Come si usa l'aceto balsamico in cucina
Il balsamico di Modena Igp, dicevamo, è un prodotto più quotidiano, versatile e trasversale, da utilizzare con cibi freschi e in cottura, con ortaggi, carni bianche e rosse, pesci grassi, risotti, uova, dessert, cocktail, piatti classici e di ricerca. Il balsamico tradizionale Dop, con i suoi 12 o 25 anni sulle spalle, è un prodotto con una complessità e profondità maggiore ma non meno versatile dell’Igp. «Quando è giovane è indicato sulle verdure, crude o alla griglia – suggerisce Enrico Corsini, presidente del Consorzio di Tutela della Dop e di Le Terre del Balsamico – l’extravecchio si presta ad accompagnare il parmigiano reggiano, le fragole, il gelato alla crema, lo zabaione. Tre gocce fanno digerire: versatele sul dorso della mano, come il caviale, il calore della pelle esalterà i profumi e il sapore. Dà una marcia in più alle bollicine: provate lo spumante servito in un bicchiere avvinato con qualche goccia di extravecchio».
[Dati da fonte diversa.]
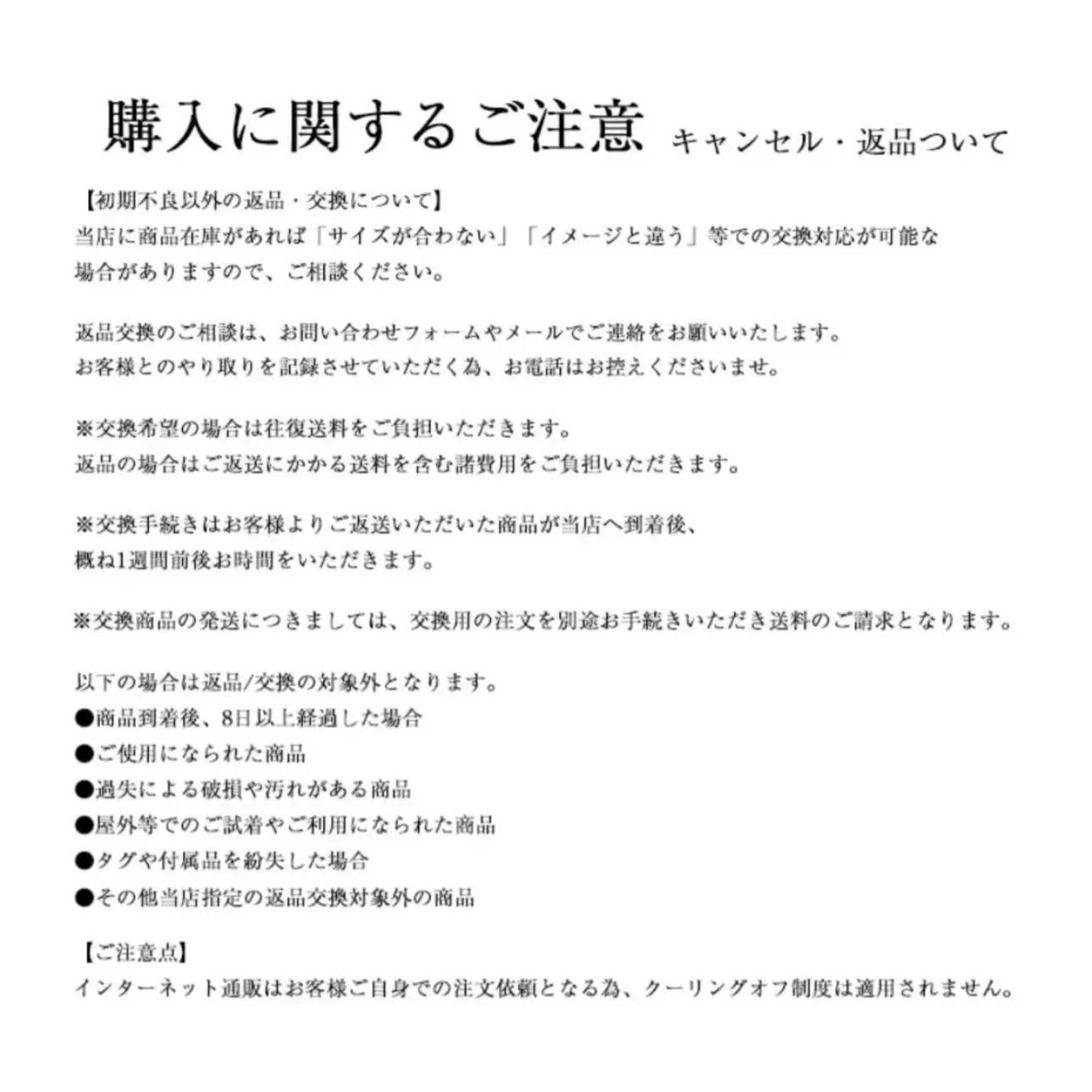 24-25モデル . GT snowboard .『 BASE 』. ジーティースノーボード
Per Maurizio Fini, gran maestro della Consorteria di Spilamberto, che del balsamico tradizionale si occupa di tramandare la cultura e l’arte di produrlo, «ha una versatilità eccezionale come aperitivo e come digestivo, apre lo stomaco e lo chiude – sorride il maestro Fini – sul parmigiano reggiano è un classico, ma è ideale anche su primi piatti, ad esempio al posto della foglia d’oro nel famoso risotto alla milanese di Gualtiero Marchesi, oppure con le carni. Nella nostra tradizione è sempre stato il condimento dei giorni di festa ma usato anche per impreziosire un piatto povero, come la frittata di cipolle: con qualche goccia di aceto balsamico tradizionale diventa una pietanza sopraffina».